#### WHAT THE EXERCISE ASKS
Below are entries; copy exactly, and only, the lines from the one containing "Hello and welcome" through their final line, leaving out pictures.

#### WORKING DATA
<<<<
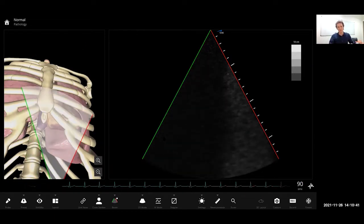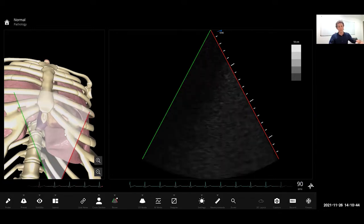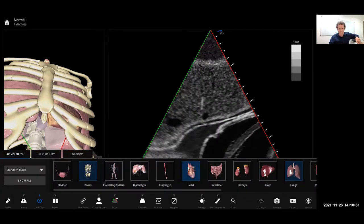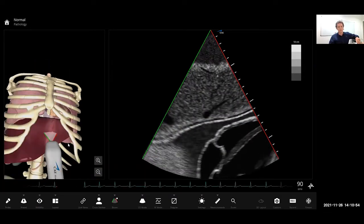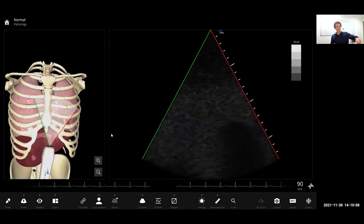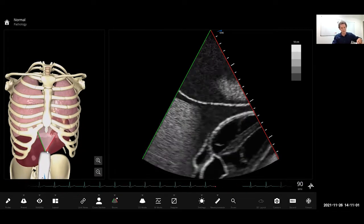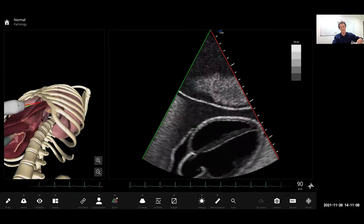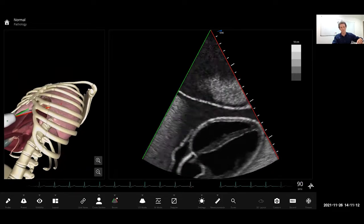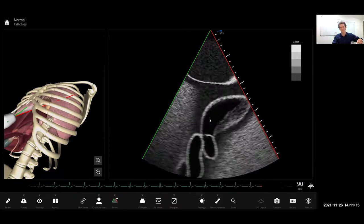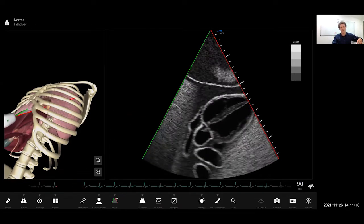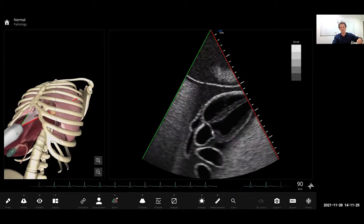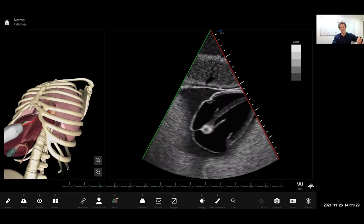Let's talk about the subcostal view — this is one of my favourites. There's a bit of stuff going around on Twitter about the utility of this so I'm clearly not the only person who loves it. For subcostal imaging we're sitting just below the xiphisternum, angling our line of interrogation up into the heart. One of the most common mistakes when doing subcostal imaging is aiming too anteriorly — if you can see the aortic valve you've aimed too far anteriorly; fan backwards until you lose it.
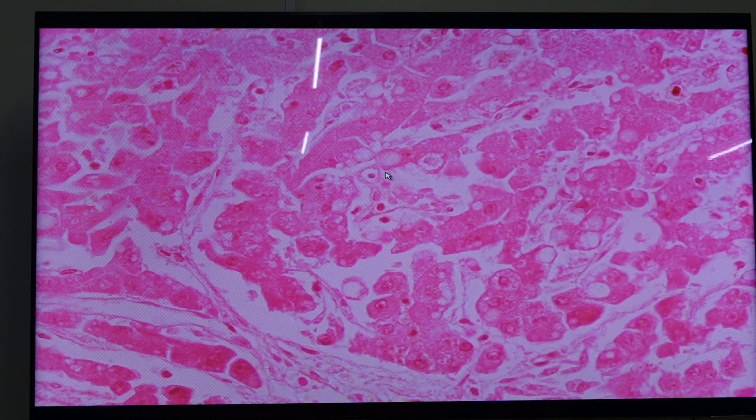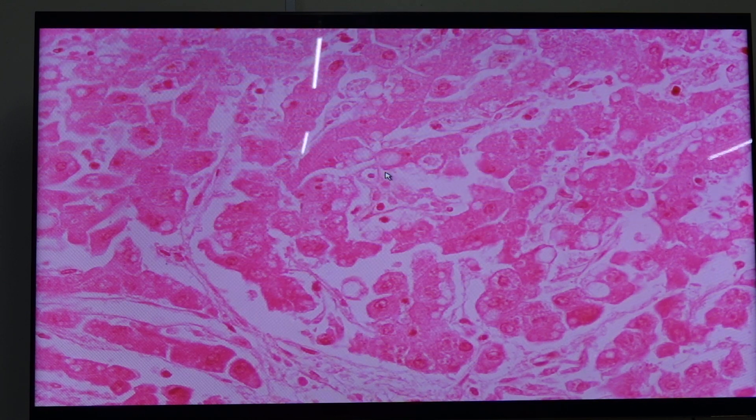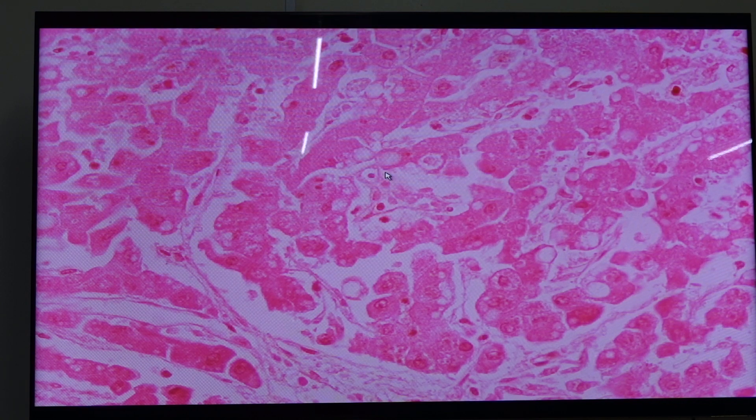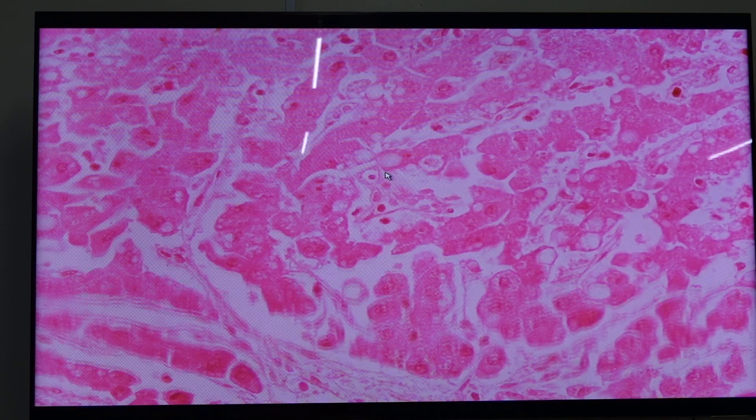So this is submassive hepatic necrosis found with acute liver failure.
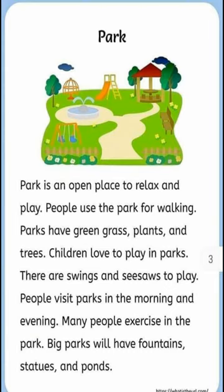Park. Park is an open place to relax and play. People use the park for walking. Parks have green grass, plants, and trees.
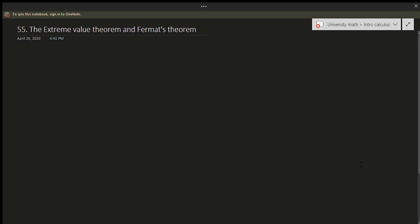Hello and welcome to another video. In this short video we'll be talking about the Extreme Value Theorem and Fermat's Theorem. This is not to be confused with Fermat's Last Theorem, which is a whole other beast — just to clear that up.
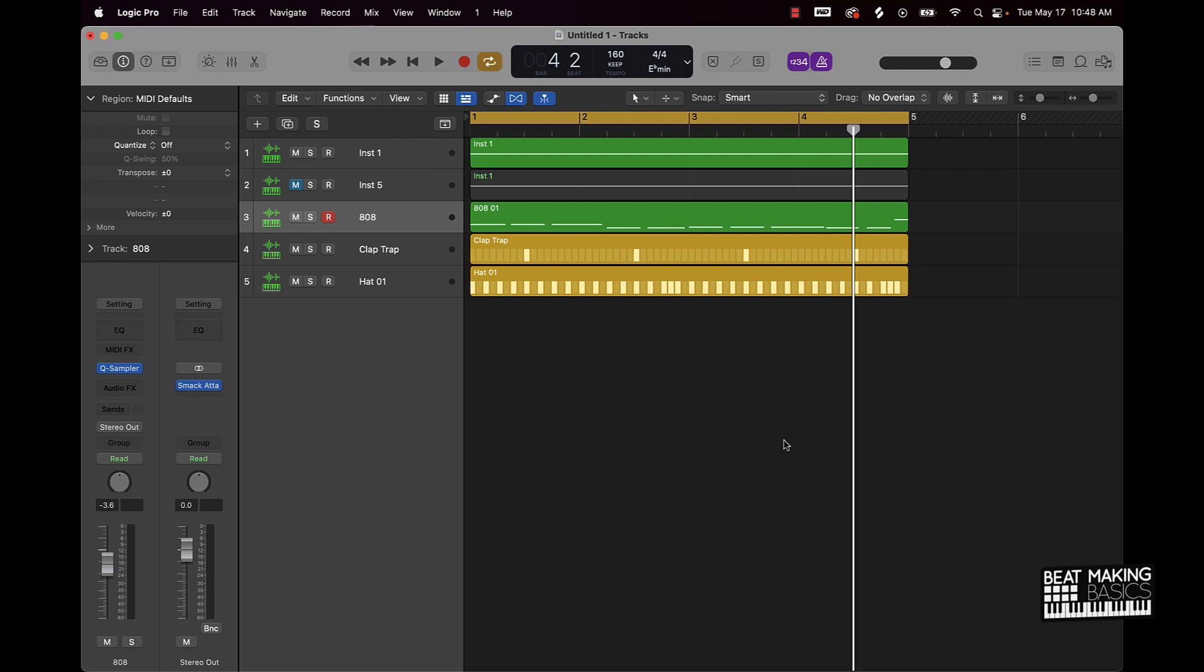Now listen, today we're going to be continuing our series, the quickest way to do things in Logic Pro. In today's video, I'm going to be showing you the quickest way to make your 808s stand out in the mix.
>>>>
#### REPLY TO THE TASK
Hello and welcome to another video. In this short video we'll be talking about the Extreme Value Theorem and Fermat's Theorem. This is not to be confused with Fermat's Last Theorem, which is a whole other beast — just to clear that up.
Now listen, today we're going to be continuing our series, the quickest way to do things in Logic Pro. In today's video, I'm going to be showing you the quickest way to make your 808s stand out in the mix.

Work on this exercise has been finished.